Les associations pointent un manque flagrant d’éducation sexuelle appropriée en Corée du Sud. [AFP - Jung Yeon-Je]
Les cours d'éducation sexuelle archaïques en Corée du Sud font scandale / Tout un monde / 4 min. / le 19 février 2019
Le mouvement #MeToo se développe aussi en Corée du Sud, où les femmes osent de plus en plus briser l'omerta. Mais les cours d'éducation sexuelle officiels restent pourtant incroyablement rétrogrades.

Début février, un ancien gouverneur sud-coréen, étoile montante de son parti, a été condamné à trois ans et demi de prison pour avoir violé sa secrétaire à plusieurs reprises. Cette condamnation intervient alors que, depuis un an, l'essor du mouvement #MeToo en Corée a encouragé de nombreuses femmes à oser briser le silence pour dénoncer les violences sexuelles.

Mais dans ce pays encore très patriarcal, le gouvernement ne montre guère l'exemple, comme le montrent ses directives pour les cours officiels d'éducation sexuelle, au contenu incroyablement sexiste.

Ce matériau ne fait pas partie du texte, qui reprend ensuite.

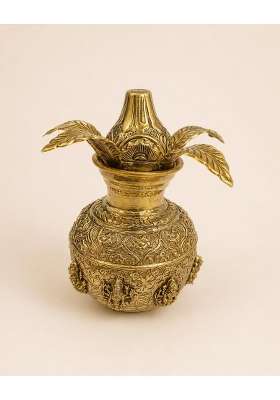 Golden Brass Ashta Lakshmi Kalash for Pooja Embossed Lakshmi Kalash with Mango Leaves Design
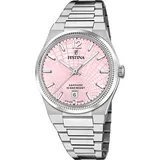 Festina Swiss Made Armbanduhr Edelstahl 316L Silber - Quarzwerk - Kratzfestes Saphirglas - Wasserdicht 10 ATM - Datum F20052/3 Rive Collection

Elles enseignent par exemple aux collégiens et aux lycéens coréens que le désir sexuel masculin est naturel et imprévisible et que c'est aux femmes de s'en protéger.

Vague d'indignation dans la population

Ces cours de l'Education nationale assurent qu'il est "naturel pour les hommes de vouloir être remercié pour l'argent qu'ils ont dépensé lors d'un rendez-vous amoureux (…) et qu'en conséquence, des viols peuvent arriver." Ils ont soulevé une immense indignation l'année dernière quand ils ont été rendus publics.

"Ces directives officielles nous rendent furieuses", assène Park Ah-reum, militante féministe au sein du Centre coréen d'aide contre les violences sexuelles à Séoul, dans l'émission Tout un monde. "Les valeurs qui y sont présentées sont très sexistes et homophobes. Elles ont été la risée du grand public (…) Seules les femmes semblent être visées par ce texte et c'est à elles que l'on recommande d'être prudentes et de faire en sorte de ne pas être victimes d'abus sexuels!"

Les femmes, des êtres qui peuvent penser

La militante et écrivain féministe Lee Min-kyung, elle, accuse les autorités de présenter comme normales l'obligation de soumission et les violences physiques et morales imposées aux femmes. C'est la "preuve que le gouvernement ne sait pas encore que les femmes sont des êtres qui peuvent penser", dit-elle.

Le tollé suscité par ces directives a cependant forcé les autorités à revoir leur copie. Le gouvernement a annoncé l'année dernière que les écoles n'étaient pas obligées d'utiliser ces textes pour leurs cours d'éducation sexuelle. Il a aussi promis de les réviser, mais sans préciser quand.

Les citadins plus sensibilisés à ces questions

Park Ah-reum, du Centre d'aide contre les violences sexuelles, rappelle que ce document est toujours en vigueur. "Dans les villes, où la population est plus sensibilisée à ces questions, ces directives ne sont pas utilisées [par les écoles]. Mais dans d'autres endroits, elles servent de référence, parce qu'elles proviennent du gouvernement. Le ministère de l'Education a déclaré que la même équipe qui a déjà écrit ce document controversé qui sera chargée de le modifier. C'est pourquoi nous pensons que cela ne changera rien."

Des cours privés d'éducation sexuelle

Au-delà de la question du sexisme, les associations pointent un manque flagrant d'éducation sexuelle appropriée en Corée du Sud. Les 15 heures de cours obligatoires par an dans les lycées n'abordent pas des questions telles que l'égalité entre les sexes ou la contraception.

Et face à cet enseignement jugé trop traditionnaliste, certains parents inscrivent leurs enfants à des cours privés d'éducation sexuelle. Mais le chemin est encore long dans un pays où même le mot "féministe" est encore considéré comme un gros mot.